The uncertain term $f ((t))$ is corresponding to the lumped disturbance term $τ_{d}$ in equation (2). In this article, adding the additional term $ϕ (s, L))$ in equation (6) and according to the equations (2) and (9), one has $f ((t)) = M {((q))}^{- 1} {\dot{τ}}_{d}$ .

In the practical control system, the uncertain term $f ((t))$ is time-varying and unknown, which is not suitable for controller. As a result, the control law (9) cannot be put into practical control. Therefore, to solve the problem, an adaptive law of the global robust STW is presented next via real-time estimation of the uncertain term $f ((t))$ .

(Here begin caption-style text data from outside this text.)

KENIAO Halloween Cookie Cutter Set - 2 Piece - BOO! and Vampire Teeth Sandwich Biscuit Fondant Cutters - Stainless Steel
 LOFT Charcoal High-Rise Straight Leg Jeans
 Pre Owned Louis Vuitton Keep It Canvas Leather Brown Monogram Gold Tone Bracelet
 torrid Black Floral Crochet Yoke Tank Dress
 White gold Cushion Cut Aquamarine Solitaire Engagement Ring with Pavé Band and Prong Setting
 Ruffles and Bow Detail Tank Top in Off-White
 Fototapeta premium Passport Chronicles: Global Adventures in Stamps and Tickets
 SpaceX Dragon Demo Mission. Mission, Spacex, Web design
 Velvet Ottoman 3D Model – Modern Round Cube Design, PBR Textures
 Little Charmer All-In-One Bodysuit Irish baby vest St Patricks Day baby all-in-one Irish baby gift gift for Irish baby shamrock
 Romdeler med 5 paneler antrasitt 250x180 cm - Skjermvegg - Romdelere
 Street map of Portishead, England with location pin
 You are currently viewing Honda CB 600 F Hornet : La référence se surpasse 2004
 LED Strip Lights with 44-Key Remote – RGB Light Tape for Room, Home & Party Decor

The sliding variable in the global robust STW meets $s ((0)) = 0$ from the initial instant due to the elimination of the reaching phase. In addition, system states of the SMC in the sliding phase are ideally maintained on the sliding surface and $s = \dot{s} = 0$ is satisfied. Based on this, this article uses the equivalent control strategy, and from the reconstructed STW control law (8), we have

η ((t)) sgn ((s)) |_{e q} = f ((t))

Define ${\bar{u}}_{e q} ((t)) = η ((t)) sgn ((s)) |_{e q}$ , where $sgn ((s)) |_{e q}$ is the equivalent value of the sign function. When equation (10) is satisfied, the system states are maintained on the sliding surface. In other words, ${\bar{u}}_{e q} ((t))$ can be regarded as the equivalent value of the uncertain term $f ((t))$ in the sliding phase of the SMC.

Remark 3

The equivalent value ${\bar{u}}_{e q} ((t))$ is an abstract value and can be estimated in real time via low-pass filtering

{\dot{\bar{u}}}_{e q} ((t)) = \frac{1}{μ} ((η ((t)) sgn ((s)) - {\bar{u}}_{e q} ((t))))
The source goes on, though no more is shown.